DEDHAM, Mass. – Jury selection is complete in the second murder trial of Karen Read, paving the way for the prosecution and defense to make their opening statements next week.
Read, 45, is accused of killing her boyfriend, Braintree native and Boston police officer John O’Keefe, by backing into him with her SUV outside a Canton home in January 2022 and leaving him to die in a snowstorm following a night of drinking.
After her first trial ended with a hung jury last year, the state vowed to put Read on trial again. Jury selection in her retrial began on April 1.
Jury selection took 10 days, and hundreds of potential jurors were summonsed to Norfolk Superior Court. Nine women and nine men have been seated. Twelve of the jurors will ultimately deliberate and decide the case, while six will serve as alternates.
Opening arguments are set for April 22. With the full jury impaneled, Judge Beverly Cannone said the trial could take six to eight weeks.
The intrigue and scandal surrounding the case grabbed the attention of people across the country, and true crime YouTubers, TikTokers and internet sleuths begin following the Read case. It has been the subject of several true crime documentaries, including a recent Investigation Discovery docuseries “A Body in the Snow.”

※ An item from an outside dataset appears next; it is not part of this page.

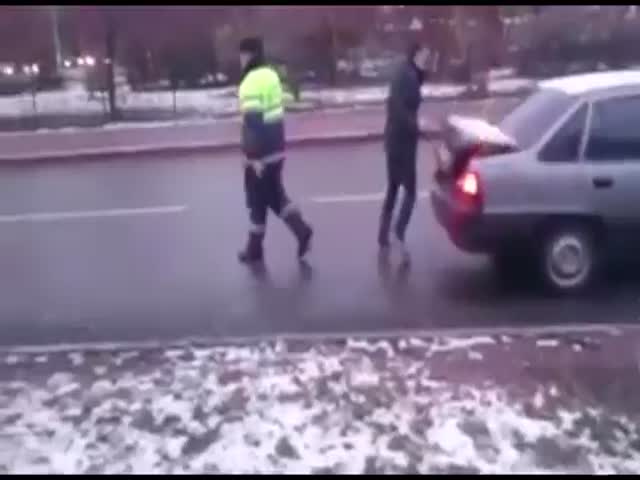 Полицейские начали душить гражданина, сделавшего им замечание за неправильную парковку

A cop dead in the snow: Why Karen Read is a true-crime obsession
What happened in Read’s first trial?
Read was charged with second-degree murder, manslaughter while operating under the influence and leaving the scene of personal injury and death.
Prosecutors called more than 65 witnesses in testimony of the first trial that started April 29, 2024. The defense’s list of witnesses was much shorter. Read did not testify in her own defense.
Cannone declared a mistrial in the case in July after jurors returned multiple times stating they could not reach a verdict.
New faces for both the prosecution and defense in the Karen Read case
Both the prosecution and defense teams have added to their lineups since the first trial.
Hank Brennan, a private defense attorney who represented the late mobster Whitey Bulger, was hired as a special prosecutor by the Norfolk County District Attorney’s office to try the case. He will serve as lead prosecutor, assisted by former lead prosecutor Adam Lally and Laura McLaughlin.
The defense has also added two attorneys: Robert Alessi and Victoria George, who is a former alternate juror from Read’s first trial. David Yannetti, Alan Jackson and Elizabeth Little also remain on Read’s team.